■ Your goal
Lines below containing the word "Mini" should be copied out.

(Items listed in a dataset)
☆ ☆ ☆ ☆ ☆ ☆ ☆

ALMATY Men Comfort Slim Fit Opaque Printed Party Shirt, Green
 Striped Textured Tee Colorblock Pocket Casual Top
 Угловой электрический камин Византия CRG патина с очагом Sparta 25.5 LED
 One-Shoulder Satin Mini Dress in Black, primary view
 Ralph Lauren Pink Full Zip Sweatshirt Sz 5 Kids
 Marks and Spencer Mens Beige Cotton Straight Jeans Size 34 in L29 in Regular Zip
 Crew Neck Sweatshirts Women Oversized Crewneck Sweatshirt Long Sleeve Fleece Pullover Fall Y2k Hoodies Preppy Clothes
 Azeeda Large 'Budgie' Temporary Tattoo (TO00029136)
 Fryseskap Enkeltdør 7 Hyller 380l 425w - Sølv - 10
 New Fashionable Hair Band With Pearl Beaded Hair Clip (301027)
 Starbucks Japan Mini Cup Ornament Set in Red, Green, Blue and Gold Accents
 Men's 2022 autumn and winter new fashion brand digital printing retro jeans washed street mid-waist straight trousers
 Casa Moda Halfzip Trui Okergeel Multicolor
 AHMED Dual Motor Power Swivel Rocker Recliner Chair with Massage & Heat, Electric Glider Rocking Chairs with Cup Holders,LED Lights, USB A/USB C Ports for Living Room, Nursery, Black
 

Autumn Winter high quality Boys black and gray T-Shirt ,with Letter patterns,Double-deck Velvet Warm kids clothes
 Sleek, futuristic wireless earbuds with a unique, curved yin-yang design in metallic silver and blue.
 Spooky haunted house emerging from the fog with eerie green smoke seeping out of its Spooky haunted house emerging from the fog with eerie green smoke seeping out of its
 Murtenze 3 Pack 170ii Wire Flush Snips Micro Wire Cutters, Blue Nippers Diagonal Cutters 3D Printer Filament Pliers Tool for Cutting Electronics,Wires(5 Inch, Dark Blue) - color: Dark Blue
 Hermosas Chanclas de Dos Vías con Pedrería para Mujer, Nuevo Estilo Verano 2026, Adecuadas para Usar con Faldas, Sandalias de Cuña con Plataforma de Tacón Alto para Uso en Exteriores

☆ ☆ ☆ ☆ ☆ ☆ ☆

■ Task answer
 One-Shoulder Satin Mini Dress in Black, primary view
 Starbucks Japan Mini Cup Ornament Set in Red, Green, Blue and Gold Accents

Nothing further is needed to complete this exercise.